En Las cuatro plumas, el oficial ciego, en el réquiem a los caídos en la también malograda incursión punitiva contra los alzados del Sudán, dice algo así: morirán los reyes y se acabarán los imperios, pero los lazos que nos unieron como amigos quedarán.
La imagen del final de la película lo dice todo: es la del hombre negro, un ser colosal, despreciado por los egipcios, salvador y compañero del héroe de la historia (uno como T.E., o como Burton: un inglés que se arabiza), atravesando solitario el desierto, “hasta que Dios me señale lo qué debo hacer”, ese climático Dios, al decir de Lawrence, adentro del cual habitaban los hombres, porque, en definitiva, Dios, el desierto y los hombres, “sólo el cielo arriba y la tierra desnuda bajo sus pies”, son una misma cosa.
Un negro ―y, por favor, no piensen en Obama―, un negro ébano, azabache, carbón (un blanco: nieve, alabastro y leche) corre por el desierto, la nada, el vacío perfecto hacia su liberación, su iluminación, su propia justicia. Dios está del lado de los náufragos.
Esa memoria es fuego, está viva. Sólo se trata de aguzar el ojo, de inquietar el alma, de lanzarse al camino. Lawrence lo explica así: “nos sentíamos cómodos juntos, recorriendo los anchos espacios, gustando los fuertes vientos y los rayos solares y compartiendo las esperanzas de aquello por lo cual luchábamos. El nuevo amanecer del mundo que había de venir nos embriagaba”.

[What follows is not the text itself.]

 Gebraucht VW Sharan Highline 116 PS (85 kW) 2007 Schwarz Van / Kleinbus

El-nuevo-amanecer-del-mundo-que-había-de-venir-nos-embriagaba.
Es exacto, matemáticamente perfecto. Todo un límite, un desafío. Que insiste, que late y que no cede ni un cuarzo ni menos una dracma. Mercurio es, y abismo pero, ¿quién puede arriar las banderas, quién está dispuesto a rendirlas, por quien, para quien, contra quien, mi hermano?

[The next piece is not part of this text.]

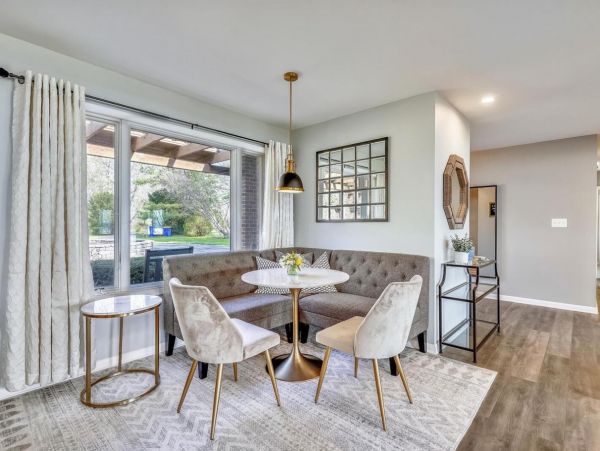 Posh Seven Bedroom Bay Front Vacation Rental in Maryland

Tras el rastro de las ausencias, la huella de la vida que merece ser vivida es una sola. No sé qué mundo habrá amaneciendo en la “estéril belleza de la desolación” pero habrá que seguir buscándolo. Tal vez no sea otro que ese compañerismo de la travesía, de los fuertes vientos y de los anchos espacios que sirva para desmentir que asistimos obligados a esta puesta en escena de un pequeño mundo forzado, de ataduras impuestas, de invisibles trampas que nos condenan a él. Tal vez no sea otro que esa fogata en medio de la nada geográfica, la astilla que ilumine nuestros rostros en el lugar donde la inmensidad del vacío físico se conjuga con la totalidad del cosmos, y allí descubramos, una vez más, sólo a las estrellas arriba y a la tierra baldía bajo nuestras botas, y que el significado de la vida, como señaló T.E., no es sólo soñarla, sino, ante todo, vivirla, vivirla hasta que ni vida quede como el agua del arroyo que se escurre de nuestros dedos o, como en los altiplanos, el viento que, de repente, cesa y deja de soplar. Sólo una vida. Pero como dijo Paco Urondo, antes de morir en combate: lo único que tenemos. Bienvenida, digo.